Request to extend Northern Gateway sunset clause submitted to NEB
Northern Gateway and the 31 Aboriginal Equity Partners, as represented by four Stewards, have filed a request with the National Energy Board for a three-year extension to the sunset clause to allow the Project the time needed to receive legal and regulatory certainty and to continue important discussions with First Nations and Métis communities. More time is required to advance dialogue with coastal communities in northwest British Columbia.
The sunset clause is a condition on the Project that stipulates when construction must begin. Northern Gateway, the Aboriginal Equity Partners and other Project proponents are fully committed to building this critical infrastructure at a time when Canada needs it the most, project representatives said.
“Northern Gateway believes projects like ours should be built with First Nations and Métis environmental stewardship, ownership, support and shared control. Based on collaboration with First Nations and Métis peoples we are building a project partnership in a way and on a scale that has never been done before. This is a true partnership between industry and First Nations and Métis peoples.," said John Carruthers, Northern Gateway President, in a statement. "Northern Gateway has changed. We are making progress and remain open to further changes. We believe this is the right course of action for Northern Gateway and the right thing to do as Canadians. We know this process requires time and we are committed to getting it right.

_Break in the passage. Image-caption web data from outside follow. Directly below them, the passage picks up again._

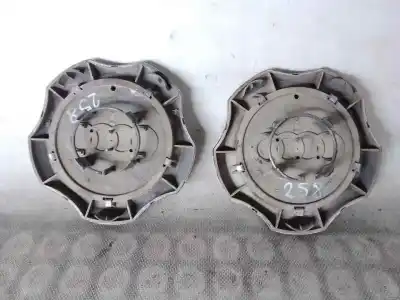 Pezzo di ricambio per auto di seconda mano coprimozzi per audi a6 c5 avant (4b5) 2.5 tdi riferimenti oem iam 4z7601165a  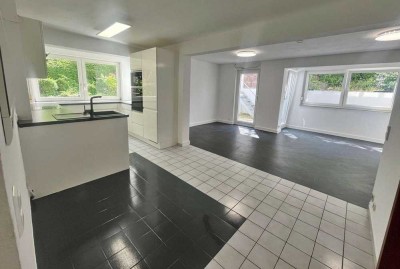 Saniert und sonnig: 2-Zi.-Wohnung mit Terrasse und Charmeund EBK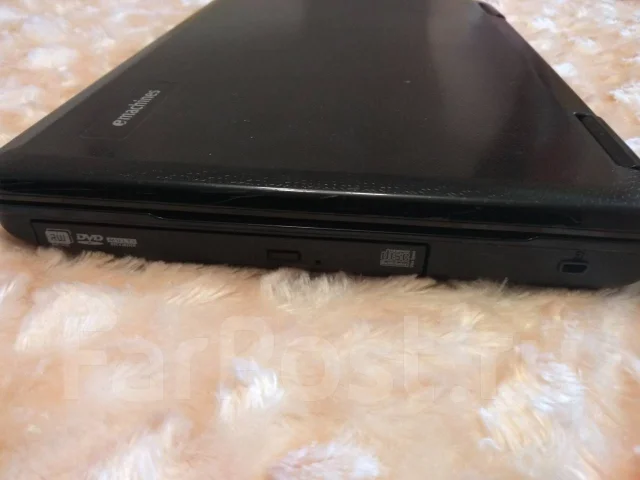 eMachines D525 ����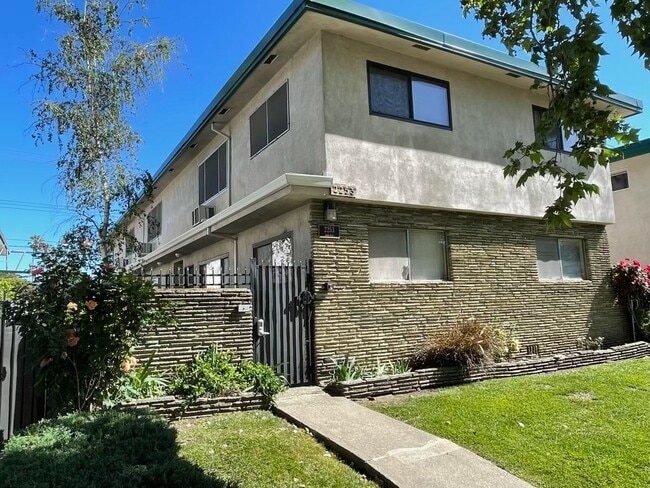 Building Photo - 2253 2nd Ave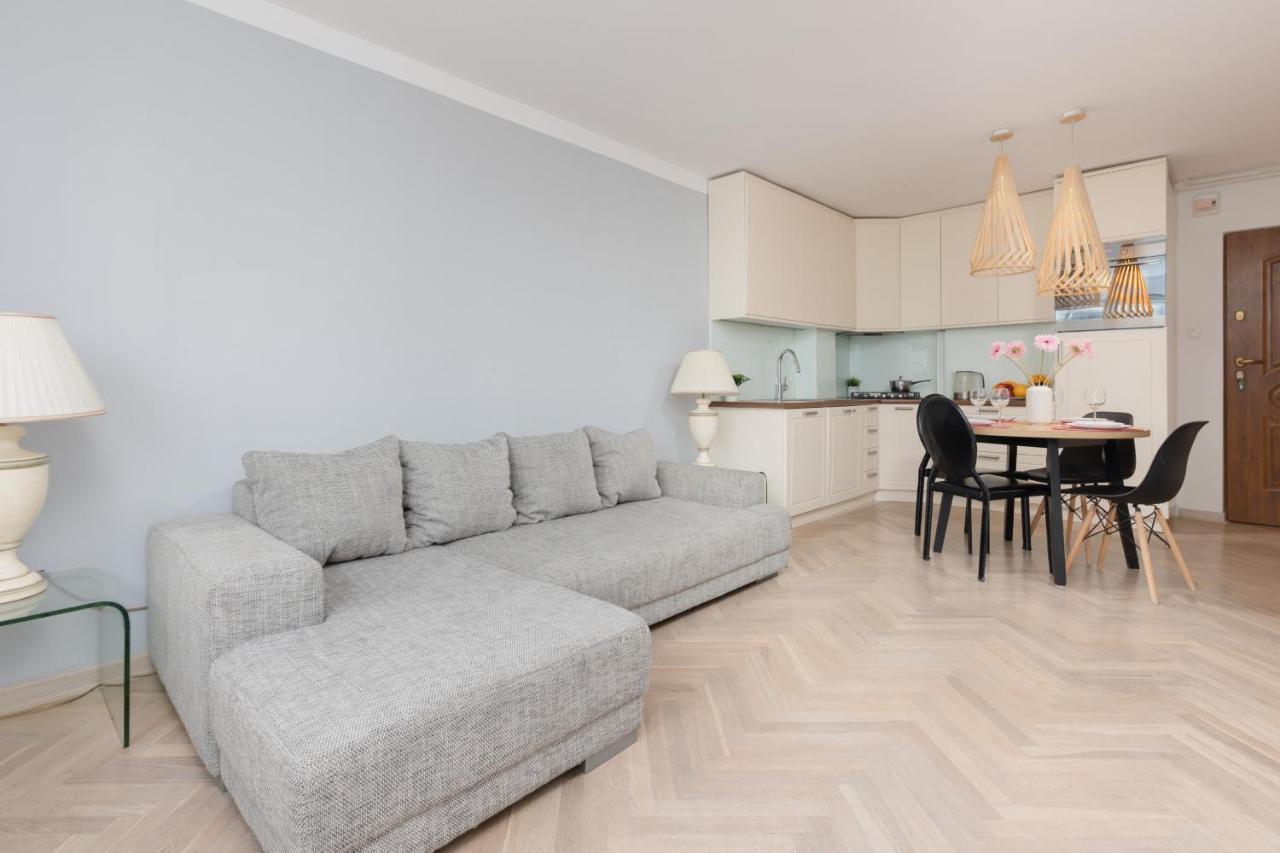 Zlota Apartment Center Of Warsaw By Noclegi Renters Esterno foto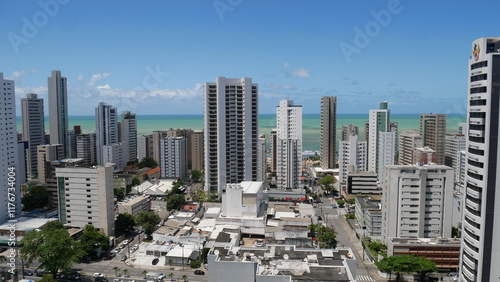 ville de Récife avec une vue sur la mer au Brési photo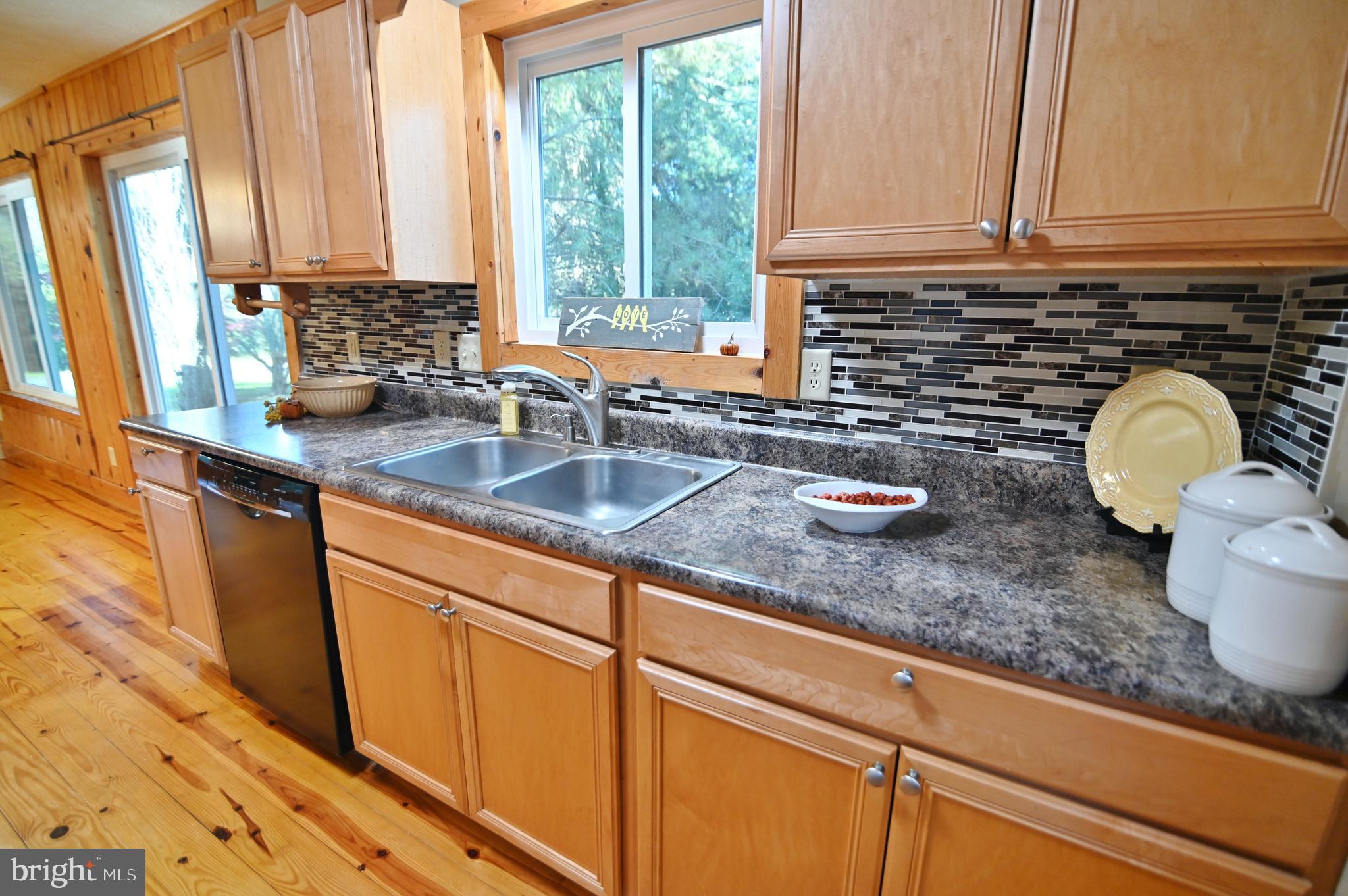 997 Quail Road Basye, VA 22810 - Photo 13 of 58 Beautiful tile and Counter Tops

"Our priority is to continue to build respectful relationships with First Nations and Métis communities. From the beginning, Northern Gateway should have done a better job of building relationships with First Nations and Métis communities, particularly on the west coast of British Columbia. While we had the right intentions, we should have done a better job of listening and fostering these critical relationships and developing our plans together as true partners.”
New Partnership with First Nations and Métis Peoples:
Since receiving approval for the Project, Northern Gateway has worked with the Aboriginal Equity Partners and a number of non-equity partner communities where negotiations are advancing, including a number in Coastal British Columbia, to achieve the following improvements to the Project:
- First Nations and Métis environmental stewardship and monitoring using traditional science
- Shared ownership and control with First Nation and Métis communities which will see:
- Enbridge and Project proponents reduce their ownership in order to increase total available First Nation and Métis ownership from 10% up to 33%
- A joint governance structure where Project proponents, First Nations and Métis owners, and Enbridge have an equal voice
- Enhanced benefits - doubling from $1 billion to $2 billion for First Nations and Métis communities
- Northern Gateway is seeking to jointly design with coastal First Nations and governments a global best practice spill response capacity that reflects the unique nature of British Columbia’s North Coast making it safer for all vessels
- Advancing dialogue and negotiations with several terrestrial and coastal First Nations communities
Statement from the Aboriginal Equity Partner Stewards (Bruce Dumont, President, Métis Nation British Columbia; David MacPhee, President, Aseniwuche Winewak Nation; Chief Elmer Derrick, Gitxsan Nation Hereditary Chief; Elmer Ghostkeeper, Buffalo Lake Métis Settlement):
Today, as the Stewards of the 31 Aboriginal Equity Partners, we affirmed our support for the Northern Gateway Project and jointly signed the formal request to the National Energy Board for a sunset extension. This is the first time a project certificate holder has made a joint application to the National Energy Board with its First Nations and Métis partners. This is a reflection of the new partnership that we are building together.
The Aboriginal Equity Partners is a unique and historic partnership that establishes a new model for conducting natural resource development on our lands and traditional territories. We are owners of the project and are participating in Northern Gateway as equals. This ownership ensures environmental stewardship, shared control, and negotiated business and employment benefits. Collectively, our communities stand to benefit from more than $2 billion directly from this Project.
There is a misconception that there is no First Nations and Métis support for Northern Gateway. This is not true. In fact, support for our Project has grown from 26 to 31 communities over the past two years and is continuing to grow.
Our communities need the economic and business benefits that Northern Gateway can bring. We are focused on ensuring our communities benefit from this Project and are actively involved in Northern Gateway’s decision making so we can protect both the environment and our traditional way of life through direct environmental stewardship and monitoring. With our influence and guidance, Northern Gateway is changing and we are taking a leadership role. The process of change based on First Nations and Métis collaboration will continue.
Our goal is for Northern Gateway to help our young people to have a future where they can stay in their communities with training and work opportunities. We remain committed to Northern Gateway and the opportunities and responsibilities that come with our ownership. We also remain committed to working with our partners to ensure our environment is protected for future generations.